- _What needs to be done_
Each line from the one holding "Mykonos Ronde Klok" to the end of the data below must be output verbatim, with no other lines.

[Saved data entries]
###

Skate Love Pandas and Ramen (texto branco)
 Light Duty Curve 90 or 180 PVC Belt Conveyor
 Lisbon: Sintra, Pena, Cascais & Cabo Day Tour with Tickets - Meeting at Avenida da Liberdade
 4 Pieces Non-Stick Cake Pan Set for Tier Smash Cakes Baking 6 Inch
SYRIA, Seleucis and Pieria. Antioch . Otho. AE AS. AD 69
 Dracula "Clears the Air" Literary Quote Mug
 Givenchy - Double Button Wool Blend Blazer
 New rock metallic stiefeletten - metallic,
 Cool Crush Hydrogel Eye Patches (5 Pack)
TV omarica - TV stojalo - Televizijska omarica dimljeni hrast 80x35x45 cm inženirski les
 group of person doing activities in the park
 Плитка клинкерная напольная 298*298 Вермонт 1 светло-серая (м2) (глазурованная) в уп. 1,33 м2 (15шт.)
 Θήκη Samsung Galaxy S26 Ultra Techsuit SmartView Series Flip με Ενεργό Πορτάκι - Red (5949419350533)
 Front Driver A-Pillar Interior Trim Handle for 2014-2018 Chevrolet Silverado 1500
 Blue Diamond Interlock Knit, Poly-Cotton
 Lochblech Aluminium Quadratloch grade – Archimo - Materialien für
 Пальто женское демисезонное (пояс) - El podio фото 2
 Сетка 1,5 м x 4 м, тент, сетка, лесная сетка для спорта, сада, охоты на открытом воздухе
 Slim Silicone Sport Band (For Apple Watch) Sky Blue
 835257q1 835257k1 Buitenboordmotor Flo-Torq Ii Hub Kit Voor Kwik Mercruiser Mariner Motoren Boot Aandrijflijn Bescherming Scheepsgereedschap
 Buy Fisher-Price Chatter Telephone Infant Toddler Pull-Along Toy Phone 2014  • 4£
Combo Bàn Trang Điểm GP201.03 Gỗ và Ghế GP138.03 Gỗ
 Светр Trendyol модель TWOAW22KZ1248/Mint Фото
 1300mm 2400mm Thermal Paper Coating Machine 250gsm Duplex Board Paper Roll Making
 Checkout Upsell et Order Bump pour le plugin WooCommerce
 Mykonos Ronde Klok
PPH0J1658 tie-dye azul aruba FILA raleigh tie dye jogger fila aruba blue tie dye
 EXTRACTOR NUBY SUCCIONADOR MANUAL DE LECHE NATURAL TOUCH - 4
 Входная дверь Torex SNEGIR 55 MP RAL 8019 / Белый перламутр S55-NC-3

###

- _Response box_
 Mykonos Ronde Klok
PPH0J1658 tie-dye azul aruba FILA raleigh tie dye jogger fila aruba blue tie dye
 EXTRACTOR NUBY SUCCIONADOR MANUAL DE LECHE NATURAL TOUCH - 4
 Входная дверь Torex SNEGIR 55 MP RAL 8019 / Белый перламутр S55-NC-3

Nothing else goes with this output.